By: Ruby Thompson
“In-Betweener?” My mom questioned.
“Yup. That’s exactly what I am.” And at that point, I was convinced that was all I’d ever be.
Okay, yes, in-betweener is a totally made up word. But it describes exactly how I felt all throughout high school and exactly how thousands of other high school kids feel. I wasn’t the best player on the team, but I wasn’t dragging us down either. I took some really hard classes, but I also took some really easy ones. I did well in the things I tried, but I was never “the best” at absolutely anything. I was the poster child of mediocrity – or so I thought.

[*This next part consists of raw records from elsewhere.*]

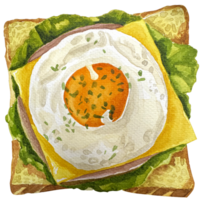 Watercolor set of different toasts with various topping isolated, collection of wheat sandwiches illustration, toasted bread with butter, fried eggs, cheese and hum for design. png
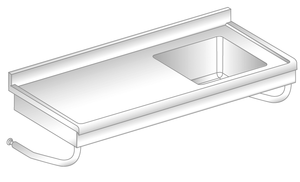 Stół ze zlewem 1100x700x375 mm, z krawędzią antybryzgową, podwieszany | DORA METAL, DM-S-3270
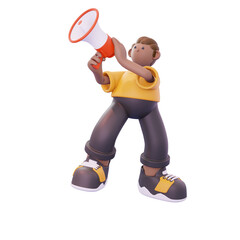 man standing carrying toa promoting discount pose from front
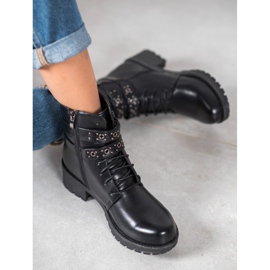 SHELOVET Sznurowane Workery czarne 1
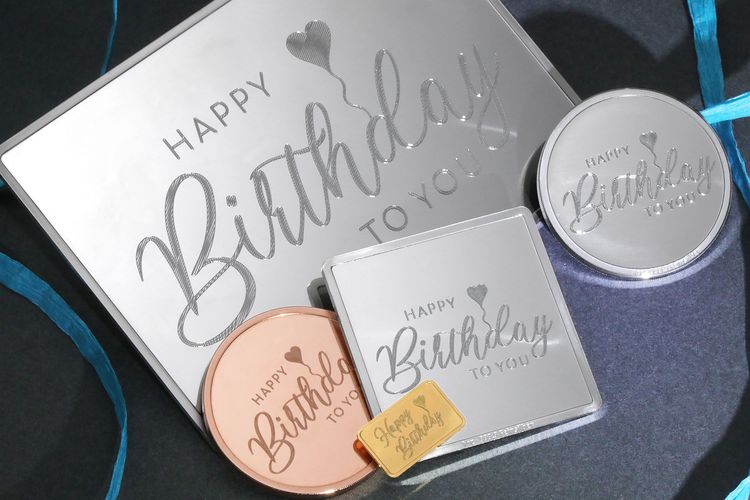 Motivgravur "Happy Birthday" auf Gold, Silber und Kupfer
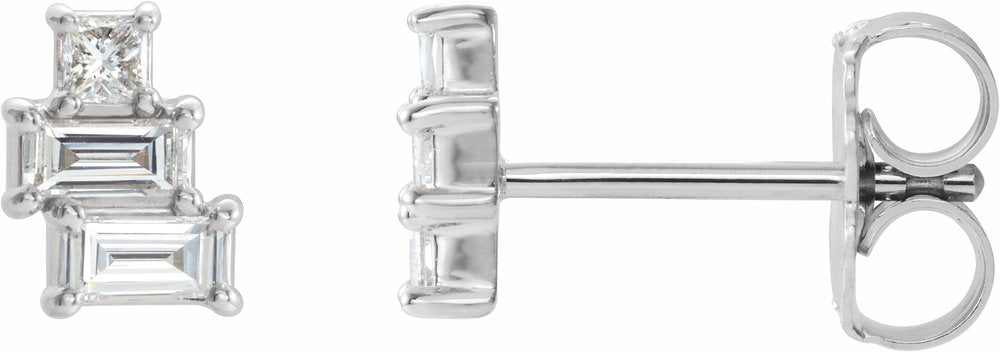 14K White 1/4 CTW Natural Diamond Geometric Cluster Earrings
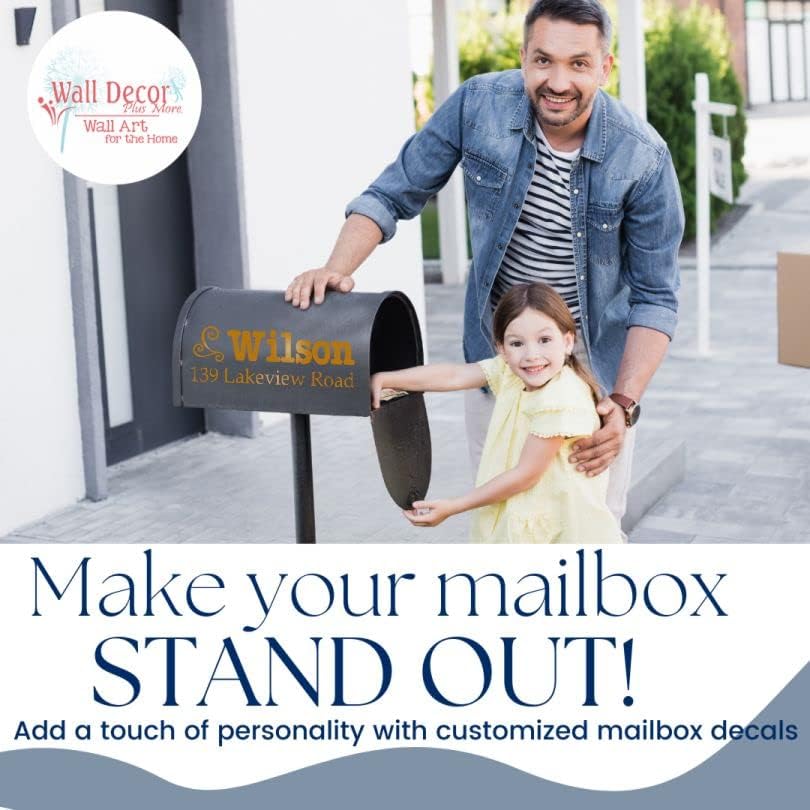 Miniatura 2 de Juego de 2 números de dirección de vinilo troquelados con nombre en remolino para buzón, números de buzón brillantes para exteriores, calcomanías de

This deep-rooted feeling of being ordinary turned that “leadership” section of college applications into a nightmare. I never tried to be in charge of anything because I truly believed I was better off being told what to do. Once someone told me what to do, I knew I could do a great job. But nothing inside of me made me feel that I had any authority to make big decisions. And that was exactly my problem.
What makes the president of the recycling club or the captain of the football team’s ideas better than yours? You could – and probably do – have the exact same ideas as the person in charge of you. The only difference is that they took the initiative and had the confidence to put their ideas out there. Once you get past your belief that your ideas aren’t good enough or that someone else could do better, you’ll see that “leadership” section fill up and feel an overwhelming confidence in everything you do.
It took me until I graduated high school and went off to college to realize my potential and understand that my success was in my own hands. I was in charge, and I began to lead myself through my exhausting and exhilarating freshman year. I set out to make new friends, get good grades, and get as involved as possible. I suddenly became the leader in group projects and a leading voice in class discussions. I stepped out from between the shadows and showed my true colors.
Don’t let the comfort of being an in-betweener keep you from stepping up to the plate. Get out there and take charge. I don’t see myself as an in-betweener anymore – and neither should you.
Have confidence and stand behind everything you do. Start by getting out of your comfort zone and out of the in-between. You’ll be thankful that you did.